Retype, word for word, every line of the records below starting at the one that contains "Nobodinoz - Cojín" and ending at the one that contains "3pcs/pack Rotatable Wall-mounted"; include both of those lines and nothing more.

Excerpted data:
::::::::

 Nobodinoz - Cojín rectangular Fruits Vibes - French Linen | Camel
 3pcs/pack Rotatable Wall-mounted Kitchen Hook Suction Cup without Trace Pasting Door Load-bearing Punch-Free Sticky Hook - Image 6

::::::::

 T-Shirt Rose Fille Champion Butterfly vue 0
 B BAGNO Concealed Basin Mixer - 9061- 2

::::::::

Written response:
 Nobodinoz - Cojín rectangular Fruits Vibes - French Linen | Camel
 3pcs/pack Rotatable Wall-mounted Kitchen Hook Suction Cup without Trace Pasting Door Load-bearing Punch-Free Sticky Hook - Image 6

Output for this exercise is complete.